Menurut pengakuan HLK, permintaan awal dari oknum wartawan tersebut mencapai Rp15 juta. Karena tidak mampu memenuhi nominal itu, ia bersama rekan-rekannya hanya sanggup mengumpulkan Rp 11 juta secara patungan. Namun, permintaan tak berhenti di situ. Beberapa minggu kemudian, oknum wartawan kembali datang dan meminta tambahan dana.
“Saya sudah bilang gak sanggup, eh malah diancam mau diberitakan jelek dan dilaporkan Polisi. Waktu itu mereka juga foto-foto, lalu berita negatif langsung keluar. Wajar kalau kami emosi dan terjadi keributan,” ungkap HLK.
Keterangan serupa disampaikan oleh IN (inisial), warga lain yang tergabung dalam paguyuban tengkulak BBM di Pronojiwo. Menurutnya, keberadaan paguyuban tersebut justru membantu masyarakat di wilayah Tempursari yang kesulitan mendapatkan BBM akibat akses jalan yang sulit.
“Jalan ke Tempursari ekstrem dan jauh. Kalau gak ada kami, masyarakat sana bisa kehabisan BBM. Kami ini hanya cari makan, bukan pelaku korupsi. Jangan disamakan,” ujar IN menegaskan.
Sebagai informasi, Tempursari adalah salah satu kecamatan terpencil di Lumajang yang sulit dijangkau mobil tangki BBM karena kondisi jalan terjal dan sempit. Warga setempat selama ini bergantung pada suplai dari paguyuban seperti milik HLK dan IN.

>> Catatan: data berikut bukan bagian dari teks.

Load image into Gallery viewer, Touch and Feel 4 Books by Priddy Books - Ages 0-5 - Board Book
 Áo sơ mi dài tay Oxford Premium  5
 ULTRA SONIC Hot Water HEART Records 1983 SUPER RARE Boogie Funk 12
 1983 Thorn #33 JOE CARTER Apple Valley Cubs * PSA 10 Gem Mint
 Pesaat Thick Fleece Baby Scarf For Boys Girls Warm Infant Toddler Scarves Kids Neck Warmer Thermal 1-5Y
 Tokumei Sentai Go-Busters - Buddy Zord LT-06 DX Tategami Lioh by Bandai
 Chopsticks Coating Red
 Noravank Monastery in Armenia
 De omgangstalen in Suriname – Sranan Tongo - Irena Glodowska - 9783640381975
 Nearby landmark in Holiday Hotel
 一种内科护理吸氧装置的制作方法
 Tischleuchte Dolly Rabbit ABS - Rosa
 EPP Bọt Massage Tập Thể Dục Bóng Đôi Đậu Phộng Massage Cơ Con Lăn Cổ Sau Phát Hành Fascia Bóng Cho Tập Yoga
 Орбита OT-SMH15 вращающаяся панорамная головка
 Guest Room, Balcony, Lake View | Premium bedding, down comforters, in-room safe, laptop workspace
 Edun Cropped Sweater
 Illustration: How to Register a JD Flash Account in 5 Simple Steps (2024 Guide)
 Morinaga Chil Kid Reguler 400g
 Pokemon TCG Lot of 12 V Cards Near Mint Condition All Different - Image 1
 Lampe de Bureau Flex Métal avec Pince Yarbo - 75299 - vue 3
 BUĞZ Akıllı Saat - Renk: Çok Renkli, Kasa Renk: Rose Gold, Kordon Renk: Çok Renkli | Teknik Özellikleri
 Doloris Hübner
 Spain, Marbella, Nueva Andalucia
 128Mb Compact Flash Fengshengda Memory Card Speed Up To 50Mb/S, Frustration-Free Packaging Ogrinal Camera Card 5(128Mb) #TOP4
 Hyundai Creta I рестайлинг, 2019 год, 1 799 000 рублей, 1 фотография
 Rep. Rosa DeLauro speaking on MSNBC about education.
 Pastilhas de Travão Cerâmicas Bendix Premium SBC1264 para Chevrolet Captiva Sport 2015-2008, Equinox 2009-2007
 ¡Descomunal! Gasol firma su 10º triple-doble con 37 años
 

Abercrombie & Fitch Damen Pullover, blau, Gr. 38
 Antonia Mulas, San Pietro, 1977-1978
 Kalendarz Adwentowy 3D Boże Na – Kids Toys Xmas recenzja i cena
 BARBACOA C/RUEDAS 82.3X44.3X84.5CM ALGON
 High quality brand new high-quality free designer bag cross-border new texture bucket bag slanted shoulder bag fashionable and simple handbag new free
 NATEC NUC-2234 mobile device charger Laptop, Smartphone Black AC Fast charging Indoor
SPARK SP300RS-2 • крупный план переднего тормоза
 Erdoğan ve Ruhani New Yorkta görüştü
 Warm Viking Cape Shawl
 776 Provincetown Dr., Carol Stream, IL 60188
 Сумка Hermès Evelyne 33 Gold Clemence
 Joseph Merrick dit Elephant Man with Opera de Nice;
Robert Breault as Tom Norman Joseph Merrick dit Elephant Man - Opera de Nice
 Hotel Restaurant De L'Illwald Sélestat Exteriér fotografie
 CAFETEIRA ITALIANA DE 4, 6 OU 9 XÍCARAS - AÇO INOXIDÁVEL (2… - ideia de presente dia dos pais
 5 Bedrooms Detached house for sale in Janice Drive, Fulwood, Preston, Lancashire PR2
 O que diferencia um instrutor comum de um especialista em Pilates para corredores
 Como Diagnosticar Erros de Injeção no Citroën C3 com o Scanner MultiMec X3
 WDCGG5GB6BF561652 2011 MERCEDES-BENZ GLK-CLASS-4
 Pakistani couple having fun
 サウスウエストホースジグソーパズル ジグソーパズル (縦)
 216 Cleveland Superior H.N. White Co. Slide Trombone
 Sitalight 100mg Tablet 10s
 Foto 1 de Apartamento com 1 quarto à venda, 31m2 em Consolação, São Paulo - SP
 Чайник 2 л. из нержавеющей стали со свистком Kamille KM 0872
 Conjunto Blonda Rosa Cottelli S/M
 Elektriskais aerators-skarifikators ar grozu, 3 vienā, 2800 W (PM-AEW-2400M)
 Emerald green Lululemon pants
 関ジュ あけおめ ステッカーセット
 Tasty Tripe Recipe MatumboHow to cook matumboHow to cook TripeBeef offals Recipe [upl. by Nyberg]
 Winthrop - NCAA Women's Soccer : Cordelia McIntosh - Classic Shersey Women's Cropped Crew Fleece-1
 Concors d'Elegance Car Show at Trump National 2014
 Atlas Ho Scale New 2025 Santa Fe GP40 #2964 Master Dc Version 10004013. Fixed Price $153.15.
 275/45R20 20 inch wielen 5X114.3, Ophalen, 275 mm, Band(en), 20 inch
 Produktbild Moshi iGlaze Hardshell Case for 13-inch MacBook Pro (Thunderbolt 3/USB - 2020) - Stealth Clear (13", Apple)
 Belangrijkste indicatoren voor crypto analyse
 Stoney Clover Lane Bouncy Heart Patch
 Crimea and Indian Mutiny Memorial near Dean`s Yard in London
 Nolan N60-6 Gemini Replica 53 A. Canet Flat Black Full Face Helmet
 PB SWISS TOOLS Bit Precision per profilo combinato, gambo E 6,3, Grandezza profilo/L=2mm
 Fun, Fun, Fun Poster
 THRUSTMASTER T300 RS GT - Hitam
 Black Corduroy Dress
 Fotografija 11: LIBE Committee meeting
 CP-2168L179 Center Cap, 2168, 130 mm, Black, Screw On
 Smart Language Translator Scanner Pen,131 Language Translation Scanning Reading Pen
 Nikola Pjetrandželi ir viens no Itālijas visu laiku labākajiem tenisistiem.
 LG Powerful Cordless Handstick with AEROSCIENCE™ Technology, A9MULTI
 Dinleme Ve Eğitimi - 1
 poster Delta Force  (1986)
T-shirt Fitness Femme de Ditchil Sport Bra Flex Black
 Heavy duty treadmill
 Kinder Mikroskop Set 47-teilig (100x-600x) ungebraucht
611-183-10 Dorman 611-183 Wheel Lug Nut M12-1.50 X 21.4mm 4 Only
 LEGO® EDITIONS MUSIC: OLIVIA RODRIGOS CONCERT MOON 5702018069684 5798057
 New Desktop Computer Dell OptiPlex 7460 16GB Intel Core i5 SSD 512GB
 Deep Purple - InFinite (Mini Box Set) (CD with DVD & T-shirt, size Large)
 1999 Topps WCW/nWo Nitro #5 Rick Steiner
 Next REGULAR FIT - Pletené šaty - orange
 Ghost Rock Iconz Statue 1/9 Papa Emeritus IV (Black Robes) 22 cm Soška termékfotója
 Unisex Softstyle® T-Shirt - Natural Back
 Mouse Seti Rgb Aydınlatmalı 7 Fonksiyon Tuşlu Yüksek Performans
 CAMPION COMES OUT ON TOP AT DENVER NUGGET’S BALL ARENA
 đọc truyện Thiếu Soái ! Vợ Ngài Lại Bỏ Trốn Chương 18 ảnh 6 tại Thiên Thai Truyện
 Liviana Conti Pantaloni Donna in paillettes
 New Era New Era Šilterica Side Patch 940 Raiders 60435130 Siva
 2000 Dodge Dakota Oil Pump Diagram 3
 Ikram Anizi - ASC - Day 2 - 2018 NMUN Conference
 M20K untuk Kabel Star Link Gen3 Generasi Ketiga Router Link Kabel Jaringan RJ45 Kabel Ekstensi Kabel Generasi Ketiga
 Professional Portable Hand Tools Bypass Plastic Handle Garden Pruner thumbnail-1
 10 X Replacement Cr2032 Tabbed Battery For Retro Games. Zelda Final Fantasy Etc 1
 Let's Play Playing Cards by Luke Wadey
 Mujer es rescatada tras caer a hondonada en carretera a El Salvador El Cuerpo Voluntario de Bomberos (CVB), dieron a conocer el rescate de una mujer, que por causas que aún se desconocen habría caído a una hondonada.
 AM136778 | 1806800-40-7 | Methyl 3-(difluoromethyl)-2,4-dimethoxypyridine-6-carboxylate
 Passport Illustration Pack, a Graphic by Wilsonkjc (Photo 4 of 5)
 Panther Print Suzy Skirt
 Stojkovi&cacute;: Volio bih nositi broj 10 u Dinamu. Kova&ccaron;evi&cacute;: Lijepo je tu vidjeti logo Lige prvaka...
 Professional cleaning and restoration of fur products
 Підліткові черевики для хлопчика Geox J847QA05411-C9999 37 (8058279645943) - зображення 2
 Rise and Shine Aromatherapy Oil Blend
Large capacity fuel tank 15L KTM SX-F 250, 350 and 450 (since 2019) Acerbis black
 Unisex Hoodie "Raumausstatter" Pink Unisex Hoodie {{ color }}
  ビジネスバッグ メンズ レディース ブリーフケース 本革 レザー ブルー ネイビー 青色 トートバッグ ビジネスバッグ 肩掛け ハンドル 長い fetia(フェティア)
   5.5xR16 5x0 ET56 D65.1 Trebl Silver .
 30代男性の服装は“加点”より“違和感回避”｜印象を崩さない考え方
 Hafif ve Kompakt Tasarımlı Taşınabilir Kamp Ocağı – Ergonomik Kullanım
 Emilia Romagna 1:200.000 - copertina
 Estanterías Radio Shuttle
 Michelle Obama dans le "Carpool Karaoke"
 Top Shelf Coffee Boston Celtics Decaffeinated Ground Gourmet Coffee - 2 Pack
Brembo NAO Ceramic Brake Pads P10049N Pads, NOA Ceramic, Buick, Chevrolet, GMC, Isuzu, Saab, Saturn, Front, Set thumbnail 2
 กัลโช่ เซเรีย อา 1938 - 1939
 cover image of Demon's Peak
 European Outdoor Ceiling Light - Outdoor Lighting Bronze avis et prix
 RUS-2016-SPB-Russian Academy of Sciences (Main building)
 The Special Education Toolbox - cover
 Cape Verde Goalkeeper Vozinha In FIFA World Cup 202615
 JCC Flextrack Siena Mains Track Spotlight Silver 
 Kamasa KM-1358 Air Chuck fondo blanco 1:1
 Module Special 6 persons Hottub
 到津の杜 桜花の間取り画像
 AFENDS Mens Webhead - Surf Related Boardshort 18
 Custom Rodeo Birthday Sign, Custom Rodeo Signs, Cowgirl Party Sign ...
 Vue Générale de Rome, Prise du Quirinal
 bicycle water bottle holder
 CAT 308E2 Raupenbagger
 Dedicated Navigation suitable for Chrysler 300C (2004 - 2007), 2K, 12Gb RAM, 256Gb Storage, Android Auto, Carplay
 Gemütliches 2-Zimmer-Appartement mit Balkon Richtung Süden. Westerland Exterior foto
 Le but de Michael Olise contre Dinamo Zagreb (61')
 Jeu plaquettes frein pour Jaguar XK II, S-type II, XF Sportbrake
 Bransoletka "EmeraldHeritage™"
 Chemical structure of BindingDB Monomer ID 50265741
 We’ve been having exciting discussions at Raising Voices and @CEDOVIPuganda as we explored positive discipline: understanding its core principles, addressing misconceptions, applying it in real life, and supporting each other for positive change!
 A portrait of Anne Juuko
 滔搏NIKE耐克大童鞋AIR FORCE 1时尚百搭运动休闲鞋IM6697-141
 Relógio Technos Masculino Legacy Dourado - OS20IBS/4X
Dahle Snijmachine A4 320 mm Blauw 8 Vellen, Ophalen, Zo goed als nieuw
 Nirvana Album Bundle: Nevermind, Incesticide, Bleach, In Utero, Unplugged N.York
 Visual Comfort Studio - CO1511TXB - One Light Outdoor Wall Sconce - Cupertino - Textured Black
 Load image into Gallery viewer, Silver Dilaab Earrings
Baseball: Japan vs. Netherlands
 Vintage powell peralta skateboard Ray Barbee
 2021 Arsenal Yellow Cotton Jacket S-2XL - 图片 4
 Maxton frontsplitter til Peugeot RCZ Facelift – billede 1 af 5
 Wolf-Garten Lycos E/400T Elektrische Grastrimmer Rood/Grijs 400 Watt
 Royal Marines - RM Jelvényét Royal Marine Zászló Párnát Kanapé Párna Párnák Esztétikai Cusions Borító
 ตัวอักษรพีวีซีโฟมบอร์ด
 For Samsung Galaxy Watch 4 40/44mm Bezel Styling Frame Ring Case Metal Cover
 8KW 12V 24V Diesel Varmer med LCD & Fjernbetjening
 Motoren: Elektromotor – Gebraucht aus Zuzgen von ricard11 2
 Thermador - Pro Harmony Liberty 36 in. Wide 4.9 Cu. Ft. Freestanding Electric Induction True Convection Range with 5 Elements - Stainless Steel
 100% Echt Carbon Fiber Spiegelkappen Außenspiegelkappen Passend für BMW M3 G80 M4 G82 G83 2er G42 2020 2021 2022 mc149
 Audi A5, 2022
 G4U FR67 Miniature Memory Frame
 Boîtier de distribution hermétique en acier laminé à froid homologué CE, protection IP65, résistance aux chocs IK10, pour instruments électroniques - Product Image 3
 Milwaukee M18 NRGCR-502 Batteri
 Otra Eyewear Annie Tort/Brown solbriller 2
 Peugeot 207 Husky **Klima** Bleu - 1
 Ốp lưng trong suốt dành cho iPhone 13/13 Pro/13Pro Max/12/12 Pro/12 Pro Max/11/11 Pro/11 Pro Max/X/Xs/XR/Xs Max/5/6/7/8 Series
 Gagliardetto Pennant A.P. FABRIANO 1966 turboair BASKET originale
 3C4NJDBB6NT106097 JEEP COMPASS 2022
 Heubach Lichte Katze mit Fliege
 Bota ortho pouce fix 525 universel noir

Ironisnya, tudingan mafia BBM yang selama ini diarahkan kepada mereka ternyata dimanfaatkan oleh oknum-oknum yang diduga ingin mengambil keuntungan pribadi lewat ancaman pemberitaan. Fenomena seperti ini kembali membuka tabir gelap praktik jurnalisme abal-abal yang sering mencoreng citra pers.
Hingga kini, pihak kepolisian belum memberikan keterangan resmi terkait laporan balik yang disampaikan HLK dan kawan-kawan. Humas Polres Lumajang, Ipda Untoro, saat dikonfirmasi hanya menyatakan akan melakukan koordinasi internal terlebih dahulu.
“Gih (ya) siap mas, kami konfirmasikan dulu sama pimpinan ya,” ujarnya singkat melalui pesan WhatsApp, Minggu (4/5/2025).
Sementara itu, pihak manajemen SPBU 54.673.10 Pronojiwo juga belum bisa dihubungi. Upaya konfirmasi oleh awak media melalui sambungan telepon dan pesan singkat tidak mendapatkan respons hingga berita ini diterbitkan.
Kasus ini menjadi catatan penting bahwa persoalan distribusi BBM subsidi di daerah rawan akses seperti Lumajang memerlukan perhatian serius dari pihak berwenang. Bukan hanya menertibkan praktik penimbunan, namun juga membersihkan oknum-oknum yang mencederai marwah pers dengan praktik pemerasan berkedok jurnalistik.